What is expected - Nothing but the lines from the one holding "Graduate Girl Wax" through the last line of the material below should be set down, exactly and without images.

Dataset extract -
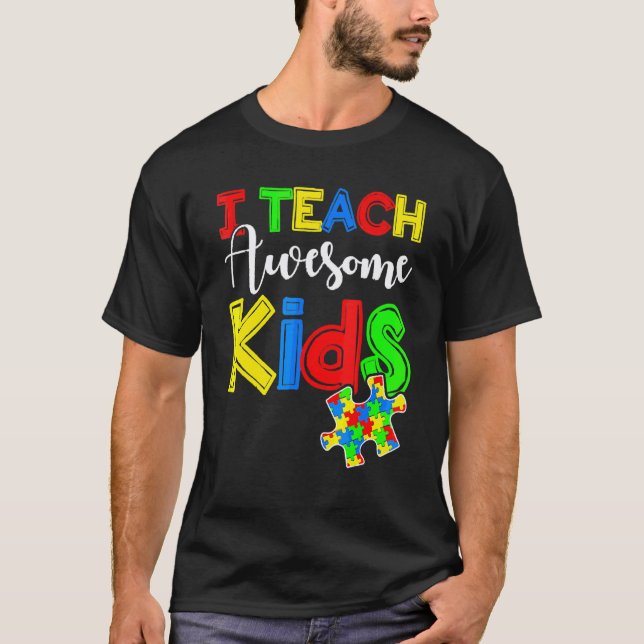 T-shirt Professeur d'éducation spéciale Sensibilisation à  (Devant)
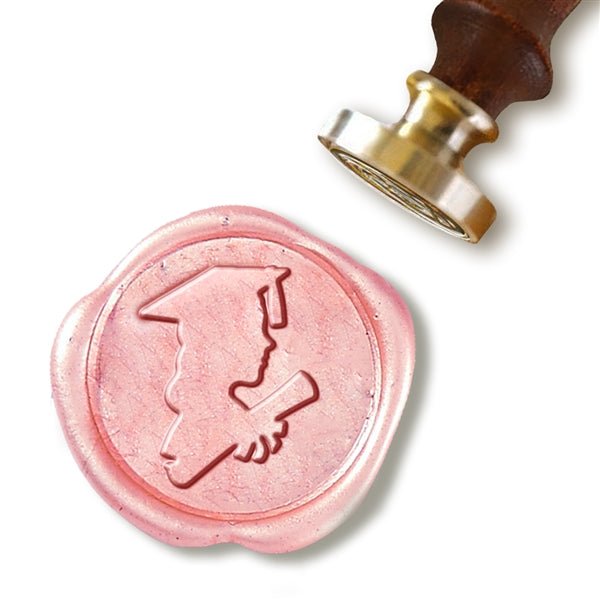 Graduate Girl Wax Seal Stamp with Rosewood Wood Handle #R950 - Nostalgic Impressions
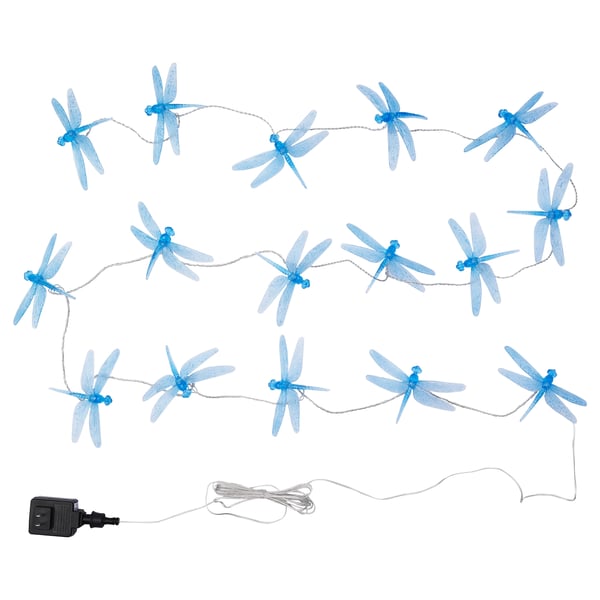 IKEA SKINA LED string light w/16lights outdoor dragonfly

The answer -
 Graduate Girl Wax Seal Stamp with Rosewood Wood Handle #R950 - Nostalgic Impressions
 IKEA SKINA LED string light w/16lights outdoor dragonfly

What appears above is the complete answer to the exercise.